-- Information provided follows --

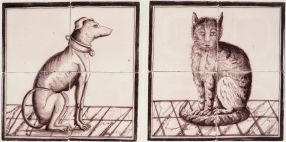 Antique Delft tile murals in manganese with a cat & dog, 19th century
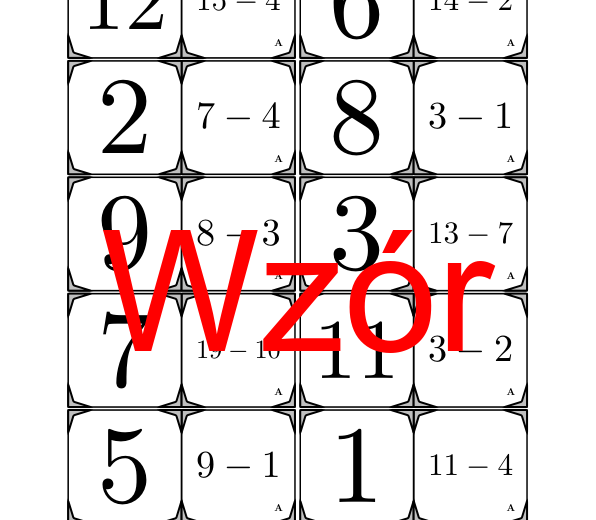 Domino - Odejmowanie do 20 | matematyka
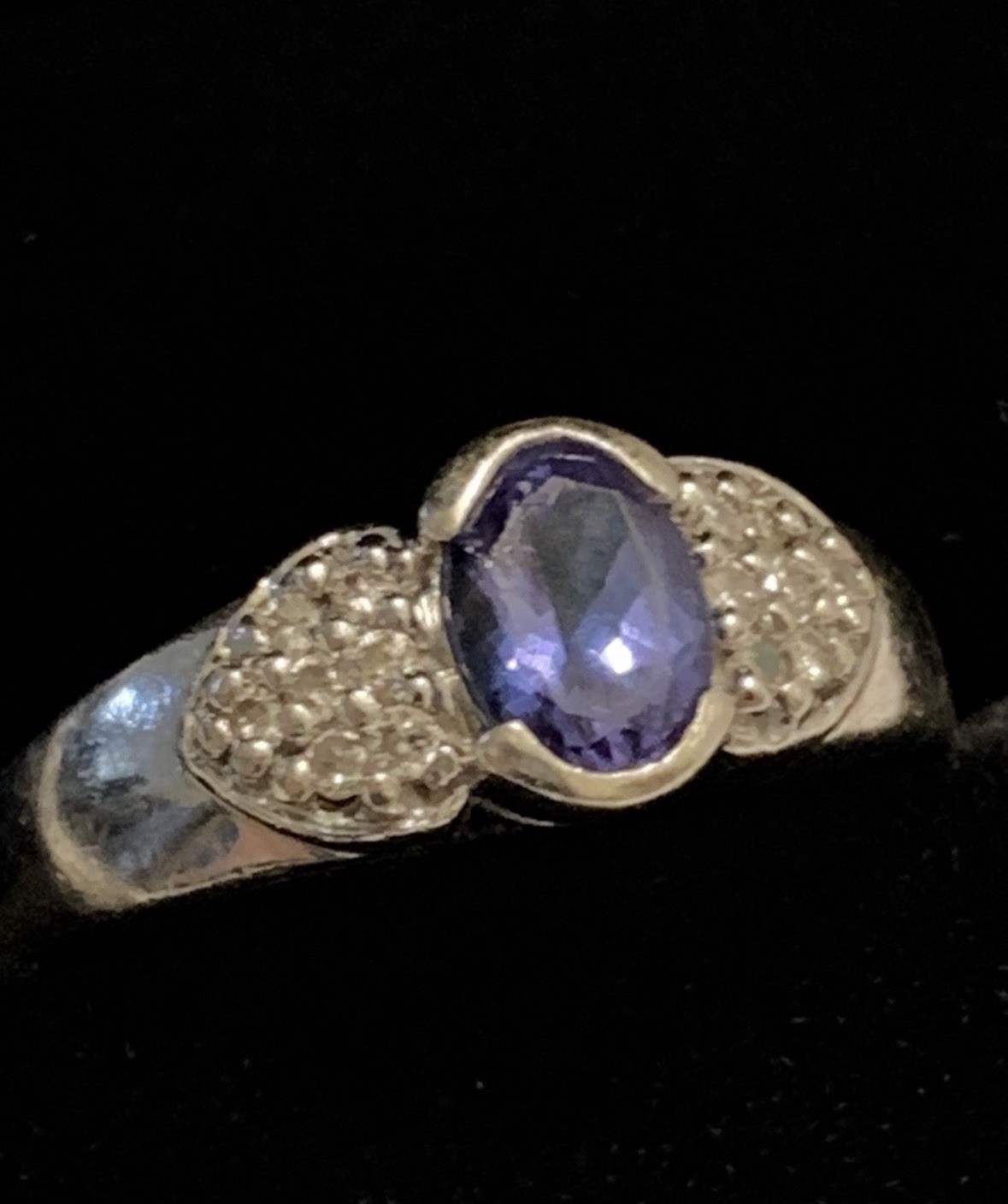 LeVian Solid 14K 14Kt White Gold Natural Tanzanite Diamond Women’s Ring 6.25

-- Information provided concluded --

With the pictures omitted, write out exactly the lines from the one that contains "Domino - Odejmowanie do 20 | matematyka" through the final line of the material above, both ends included.

| Output of the exercise |
 Domino - Odejmowanie do 20 | matematyka
 LeVian Solid 14K 14Kt White Gold Natural Tanzanite Diamond Women’s Ring 6.25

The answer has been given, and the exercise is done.